How much do intentions matter?

I think, in one sense, they matter a great deal. I recall a vivid example in CS Lewis's Screwtape Letters how frustrated Satan was with God who was happy with some soul's actions, even though the action was wrong,. The man INTENDED good, and really believed he was doing good, and God based His judgment of the man on that, NOT on the action.

On the other hand, I have heard many times that intentions are not that important, your actions are. I forget the saints and quotes (but I know of at least a half dozen). Things like:
The road to hell is paved with good intentions....

Perhaps a key is to look at how often our good intentions are acted upon. How often do we DO what we intend to do. If most of the time we DO, then that is good. If most of the time we DON'T, then maybe we need to look at our lives a little more closely.

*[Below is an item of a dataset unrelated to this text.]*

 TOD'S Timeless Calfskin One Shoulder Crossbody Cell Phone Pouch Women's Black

If it is my intention to pray a daily rosary, that IS a good intention. Certainly a better intention than to NOT pray the roasry daily. BUT, if my actions show that I only do it 5% of the time, am I lying to myself? Is it REALLY my intention to pray the rosary daily? If that IS my inetntion, WHAT am I doing to make it a reality? What's getting in the way of my doing it? Why? What can I change?

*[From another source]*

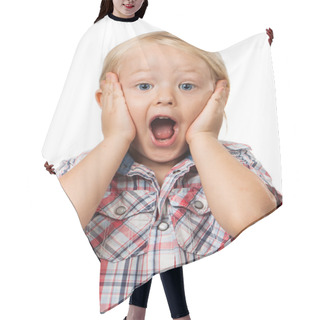 Personality  Cute Young Surprised Boy Hair Cutting Cape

True, sometimes, for most of us, there are areas in our life we truly WANT to change but struggle with almost continuously. (Think here of the same sins you confess OVER AND OVER AND OVER again.) Our intention is to overcome them. And I DO think, that with the grace of God, we can (eventually) overcome them. But it's also kind of like the grace of God (usually) gives us the strength to do it. Not that it is automatically "fixed" when we pray. We must DO our part. Over and over and over. And keep checking oursleves, refining. (That is one reason why frequent confession is good, I think...) To amend our lives (sometimes I REALLY hate that part of the Act of Contrition) means to change. Good intentions are good, they are not enough.

Just thinking about this..... Not suggesting right or wrong answers....

Choose God,


I think you’re using the word “intention” in two different senses.

When we use the word in one sense, we are talking about acting with a particular goal in mind, the goal being your intention. (That goal might be to use some particular means, and need not only be an end.) If the action is chosen erroneously, meaning you believe it will further the goal when it will not, CS Lewis is saying that you will be judged on your intention; that is, that you will be judged to have acted in good faith in order to reach a virtuous goal, rather than being judged on the outcome you actually got.

Used in another sense, we are talking about having a goal but not acting on it. In this case, you know the goal is worthwhile, but you do nothing to reach it. You haven’t acted in a way that is realistically going to accomplish anything, even from your own standpoint. This is the kind of intentions that pave the way to hell: that is, goals which we recognize to be good but which we do not act to reach.

Now, I suppose there is an overlap, which I would call “magical thinking”, that actually believes that having a goal is substantially the same as acting so as to possibly reach it. Luckily, it is the Lord that sorts these things out when it comes to judgement. As for us, we do the best we know, and when we know better, we ought to do better.


EasterJoy hit the nail on the head here.